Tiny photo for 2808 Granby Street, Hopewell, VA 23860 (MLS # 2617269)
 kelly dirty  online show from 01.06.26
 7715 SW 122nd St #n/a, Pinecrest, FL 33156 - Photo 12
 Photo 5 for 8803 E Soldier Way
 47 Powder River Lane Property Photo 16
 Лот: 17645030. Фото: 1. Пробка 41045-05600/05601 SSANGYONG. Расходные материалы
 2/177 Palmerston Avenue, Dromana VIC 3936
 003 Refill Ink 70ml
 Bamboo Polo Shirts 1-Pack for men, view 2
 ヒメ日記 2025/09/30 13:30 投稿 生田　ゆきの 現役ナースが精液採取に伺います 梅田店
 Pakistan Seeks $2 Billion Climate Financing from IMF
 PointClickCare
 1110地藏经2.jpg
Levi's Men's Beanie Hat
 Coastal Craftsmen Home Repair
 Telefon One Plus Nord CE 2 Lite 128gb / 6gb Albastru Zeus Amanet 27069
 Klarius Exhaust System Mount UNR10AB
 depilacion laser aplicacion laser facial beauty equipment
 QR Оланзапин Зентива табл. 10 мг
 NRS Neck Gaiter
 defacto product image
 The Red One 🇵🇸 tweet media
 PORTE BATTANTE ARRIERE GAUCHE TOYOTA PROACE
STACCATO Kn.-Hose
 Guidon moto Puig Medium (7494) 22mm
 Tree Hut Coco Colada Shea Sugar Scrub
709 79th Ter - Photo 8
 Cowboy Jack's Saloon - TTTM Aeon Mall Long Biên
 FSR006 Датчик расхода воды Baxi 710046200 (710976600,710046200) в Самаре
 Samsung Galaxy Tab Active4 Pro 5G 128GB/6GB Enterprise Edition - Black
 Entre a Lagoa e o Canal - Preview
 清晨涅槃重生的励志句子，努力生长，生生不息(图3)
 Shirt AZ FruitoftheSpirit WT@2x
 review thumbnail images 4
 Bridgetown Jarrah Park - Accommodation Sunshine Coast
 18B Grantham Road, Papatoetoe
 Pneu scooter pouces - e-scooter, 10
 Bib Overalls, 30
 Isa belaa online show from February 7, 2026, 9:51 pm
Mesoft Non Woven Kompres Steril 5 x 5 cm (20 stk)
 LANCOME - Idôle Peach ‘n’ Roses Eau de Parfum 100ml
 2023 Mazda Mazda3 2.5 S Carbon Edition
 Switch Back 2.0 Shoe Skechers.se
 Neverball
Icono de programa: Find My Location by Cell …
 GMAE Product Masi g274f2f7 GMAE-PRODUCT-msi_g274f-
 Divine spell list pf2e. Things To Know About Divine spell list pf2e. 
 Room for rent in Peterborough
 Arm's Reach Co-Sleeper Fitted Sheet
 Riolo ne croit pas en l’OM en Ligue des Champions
· · ·
- _Work to be completed_
Set down exactly the lines of the material above from the one with "Divine spell list pf2e. Things" through the end. Include both ends and nothing else.

- _Final answer_
 Divine spell list pf2e. Things To Know About Divine spell list pf2e. 
 Room for rent in Peterborough
 Arm's Reach Co-Sleeper Fitted Sheet
 Riolo ne croit pas en l’OM en Ligue des Champions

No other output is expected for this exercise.